One might have a craving for food or drink or tobacco, for possession of an object, or for something more abstract, like comfort, or fame. The word implies a form of dependency in that one cannot live without, or cannot resist, the thing craved. In any case, it suggests something potentially illicit. Maybe, in English, it is simply because the word crave rhymes so neatly with the word deprave. It is excessive, intemperate, well beyond the supposed Golden Mean.

Desire is nobler than that. We all claim to understand and indeed to glory in it. It takes the best out of the notion of passion. Passion and desire are the driving forces of a heroic, if potentially tragic life. But craving? Does that not imply something slavish? Isn’t there something a little humiliating about it?
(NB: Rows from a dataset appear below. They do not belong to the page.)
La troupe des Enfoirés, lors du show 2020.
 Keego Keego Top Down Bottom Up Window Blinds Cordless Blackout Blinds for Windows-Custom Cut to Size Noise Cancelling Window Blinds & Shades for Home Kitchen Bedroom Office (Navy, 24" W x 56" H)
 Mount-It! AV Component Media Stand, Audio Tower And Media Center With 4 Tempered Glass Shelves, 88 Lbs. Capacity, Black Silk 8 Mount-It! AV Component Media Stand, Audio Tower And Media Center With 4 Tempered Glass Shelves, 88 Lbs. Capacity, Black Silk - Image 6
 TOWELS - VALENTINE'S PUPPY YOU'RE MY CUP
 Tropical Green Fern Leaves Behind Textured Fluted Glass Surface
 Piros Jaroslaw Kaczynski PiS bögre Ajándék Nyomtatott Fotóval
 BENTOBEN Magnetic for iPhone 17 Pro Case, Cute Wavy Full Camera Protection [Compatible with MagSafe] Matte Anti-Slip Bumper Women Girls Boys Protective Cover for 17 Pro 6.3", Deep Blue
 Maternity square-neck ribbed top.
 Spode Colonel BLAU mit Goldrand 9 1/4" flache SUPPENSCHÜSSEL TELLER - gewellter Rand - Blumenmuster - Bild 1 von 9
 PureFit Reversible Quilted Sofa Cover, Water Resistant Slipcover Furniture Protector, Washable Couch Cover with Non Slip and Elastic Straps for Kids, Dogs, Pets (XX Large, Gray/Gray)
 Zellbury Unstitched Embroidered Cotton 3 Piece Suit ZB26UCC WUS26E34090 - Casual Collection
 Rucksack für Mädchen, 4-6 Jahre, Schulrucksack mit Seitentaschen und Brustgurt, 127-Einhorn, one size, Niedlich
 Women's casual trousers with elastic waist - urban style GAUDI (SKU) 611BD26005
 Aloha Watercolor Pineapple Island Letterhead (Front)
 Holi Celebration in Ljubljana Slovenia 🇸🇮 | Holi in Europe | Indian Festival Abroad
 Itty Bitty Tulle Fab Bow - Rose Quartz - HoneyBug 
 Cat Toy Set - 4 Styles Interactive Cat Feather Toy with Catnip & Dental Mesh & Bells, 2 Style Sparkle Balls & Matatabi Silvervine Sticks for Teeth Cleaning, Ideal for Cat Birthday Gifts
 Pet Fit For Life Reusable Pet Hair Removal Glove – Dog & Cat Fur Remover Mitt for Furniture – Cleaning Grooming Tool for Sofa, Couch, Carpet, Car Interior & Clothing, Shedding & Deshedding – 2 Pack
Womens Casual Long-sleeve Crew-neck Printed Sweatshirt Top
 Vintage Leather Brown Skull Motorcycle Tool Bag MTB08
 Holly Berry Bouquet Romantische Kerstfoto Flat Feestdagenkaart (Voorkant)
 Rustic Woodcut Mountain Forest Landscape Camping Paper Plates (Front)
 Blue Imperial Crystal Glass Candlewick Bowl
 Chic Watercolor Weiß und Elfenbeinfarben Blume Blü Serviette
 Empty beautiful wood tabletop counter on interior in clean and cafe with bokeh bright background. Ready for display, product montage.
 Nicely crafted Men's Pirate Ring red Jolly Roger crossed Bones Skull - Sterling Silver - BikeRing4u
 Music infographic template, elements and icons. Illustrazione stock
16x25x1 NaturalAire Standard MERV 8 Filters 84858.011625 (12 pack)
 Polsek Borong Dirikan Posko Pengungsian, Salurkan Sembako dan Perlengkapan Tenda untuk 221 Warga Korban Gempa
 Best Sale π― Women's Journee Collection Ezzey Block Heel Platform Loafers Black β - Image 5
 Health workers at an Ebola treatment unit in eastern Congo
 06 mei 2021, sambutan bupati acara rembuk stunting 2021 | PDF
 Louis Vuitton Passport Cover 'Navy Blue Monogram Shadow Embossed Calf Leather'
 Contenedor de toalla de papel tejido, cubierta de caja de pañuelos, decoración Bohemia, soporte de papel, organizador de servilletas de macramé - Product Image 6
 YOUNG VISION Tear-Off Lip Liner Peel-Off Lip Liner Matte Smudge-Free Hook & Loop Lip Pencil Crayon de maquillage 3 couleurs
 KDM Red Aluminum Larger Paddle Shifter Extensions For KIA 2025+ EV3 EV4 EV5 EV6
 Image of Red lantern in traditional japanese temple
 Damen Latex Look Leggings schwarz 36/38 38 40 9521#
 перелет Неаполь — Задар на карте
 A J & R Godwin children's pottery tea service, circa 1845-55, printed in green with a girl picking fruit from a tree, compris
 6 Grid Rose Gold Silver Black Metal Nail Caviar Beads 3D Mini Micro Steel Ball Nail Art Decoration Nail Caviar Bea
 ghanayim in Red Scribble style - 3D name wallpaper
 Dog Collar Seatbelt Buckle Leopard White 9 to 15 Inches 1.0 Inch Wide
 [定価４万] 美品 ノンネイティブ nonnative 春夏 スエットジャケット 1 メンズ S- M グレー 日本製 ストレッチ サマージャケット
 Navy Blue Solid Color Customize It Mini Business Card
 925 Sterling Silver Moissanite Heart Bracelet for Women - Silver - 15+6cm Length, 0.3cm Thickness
He goes on to discuss the poems in the issue of the journal in terms of the words he brings up. According to Szirtes, desire is elegaic, aware of the loss it contains; craving is aware only of itself and the moment.

Yes. But not quite.

I use the word “crave” repeatedly in my essay “To Crave the Edges of Speech: Reflections on Cz.K. Sebő’s New Album,” which was published in the online version of the same issue of The Continental. After reading Szirtes, I see that I should have defined the word a little, or maybe justified my use of it. I knew what I meant by it, and no, it isn’t quite as enclosed and delimited in my ear as it is in Szirtes’s. Instead, it’s sharp, compelling, and possibly pure.

There’s a kind of spiritual craving where you want something so badly that you are set in motion willy-nilly, even though you may have many reflections on what is going on. There is nothing humiliating about this. It can be surprising and enlightening. It can open up years of learning.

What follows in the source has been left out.